*EXERCISE PROMPT:*
Any images in the material are to be dropped while every line is retyped exactly.

[SOURCE DATA — start]

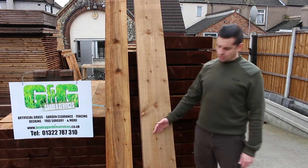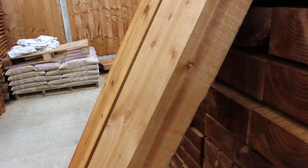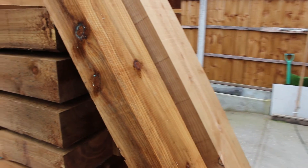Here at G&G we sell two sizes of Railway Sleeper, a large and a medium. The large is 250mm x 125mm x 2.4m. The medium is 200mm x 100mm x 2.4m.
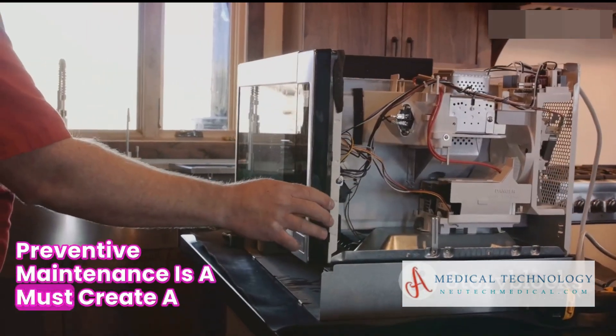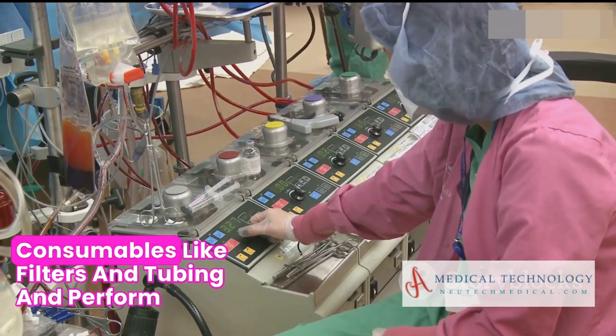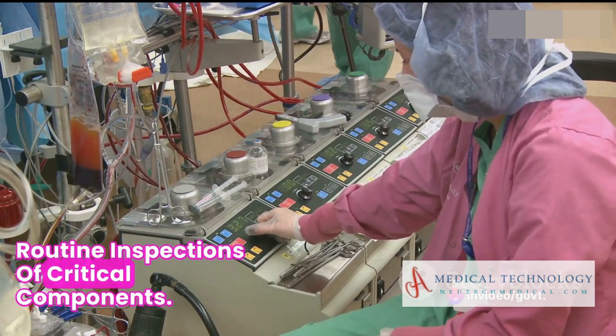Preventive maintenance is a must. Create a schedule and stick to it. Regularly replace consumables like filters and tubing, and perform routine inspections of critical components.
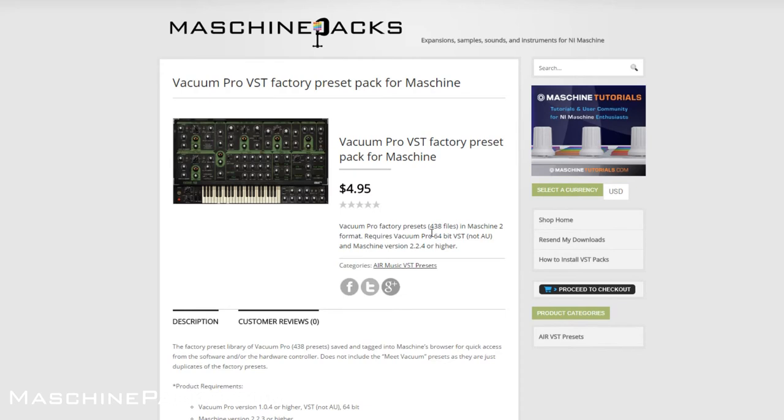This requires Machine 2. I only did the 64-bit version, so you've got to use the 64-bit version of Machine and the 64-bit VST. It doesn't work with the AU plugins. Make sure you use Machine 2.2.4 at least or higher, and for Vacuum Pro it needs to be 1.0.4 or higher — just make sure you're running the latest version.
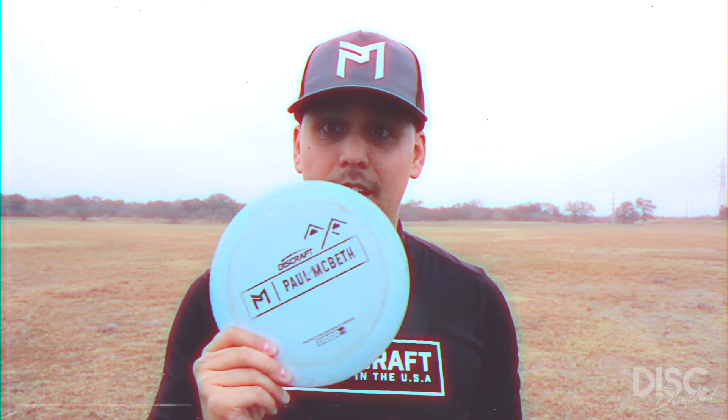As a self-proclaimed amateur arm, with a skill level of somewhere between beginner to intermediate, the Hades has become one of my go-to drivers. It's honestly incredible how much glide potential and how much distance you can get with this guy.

[SOURCE DATA — finish]

*RESPONSE:*
Here at G&G we sell two sizes of Railway Sleeper, a large and a medium. The large is 250mm x 125mm x 2.4m. The medium is 200mm x 100mm x 2.4m.
Preventive maintenance is a must. Create a schedule and stick to it. Regularly replace consumables like filters and tubing, and perform routine inspections of critical components.
This requires Machine 2. I only did the 64-bit version, so you've got to use the 64-bit version of Machine and the 64-bit VST. It doesn't work with the AU plugins. Make sure you use Machine 2.2.4 at least or higher, and for Vacuum Pro it needs to be 1.0.4 or higher — just make sure you're running the latest version.
As a self-proclaimed amateur arm, with a skill level of somewhere between beginner to intermediate, the Hades has become one of my go-to drivers. It's honestly incredible how much glide potential and how much distance you can get with this guy.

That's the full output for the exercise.